Dr Emrys Evans smiling at the camera in a check shirt

The exchange of energy between molecules and light underpins current and future optoelelectronic, photonic and quantum technologies. These applications require molecules to transition between different excited energy states within a manifold of levels. Dr Evans is exploring the opportunities to design and exploit new levels and transitions in molecular materials based on novel arrangements that pair electrons and isolate them to specific atoms.

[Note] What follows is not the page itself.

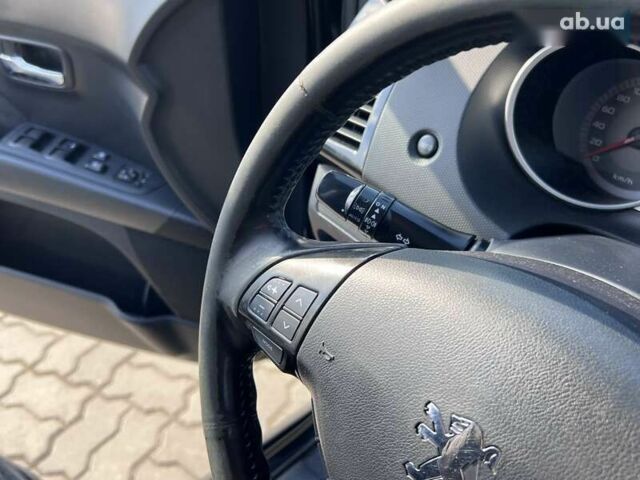 Пежо 4007, объемом двигателя 2.2 л и пробегом 147 тыс. км за 9790 $, фото 16 на Automoto.ua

Dr Evans developed luminescent carbon-based radicals with emission from unpaired electron states that enable highly efficient organic light-emitting diodes (OLEDs) with potential applications in displays and imaging. The design of multi-electron coupled states in molecules enable potential applications in molecular-scale sensing of local environments (magnetic / electric field, temperature) that could be exploited in future studies of materials and biological mechanisms. He uses laser experiments to characterise the flow of energy and electrons in and between molecules by monitoring light absorption and emission starting from a picosecond (million-millionth of second).

The underlying electron spin mechanisms are revealed by studying the effect of magnetic fields on the energy levels and resulting ground state and photoexcited dynamics. By expanding spin chemistry in novel molecules, Emrys' team can push the boundaries of electronic, optical and magnetic properties that could improve current technologies and enable new opportunities

Biography

Dr Emrys Evans was born in Swansea, Wales. He is half Welsh and half Thai. He is a Royal Society University Research Fellow at Swansea University. His team are investigating the electronic, optical and magnetic properties of molecular materials towards optoelectronic, photonic and quantum technology applications.  

Emrys studied ¾ÅÖÝÓ°Ôº as an undergraduate and doctorate student at the University of Oxford (MChem 2012, DPhil 2016). During this time, he developed an interest in photophysics and spin chemistry towards understanding light-induced radical pairs that are implicated in animal magnetoreception, and was supervised by Professor Christiane Timmel. He worked with Professor Sir Richard Friend at the Cavendish laboratory, University of Cambridge as a Research Associate (2016-2019) where he studied new materials and mechanisms for more efficient organic light-emitting diodes (OLEDs) using molecular semiconductors. In 2019 he received a Leverhulme Trust Early Career Fellowship.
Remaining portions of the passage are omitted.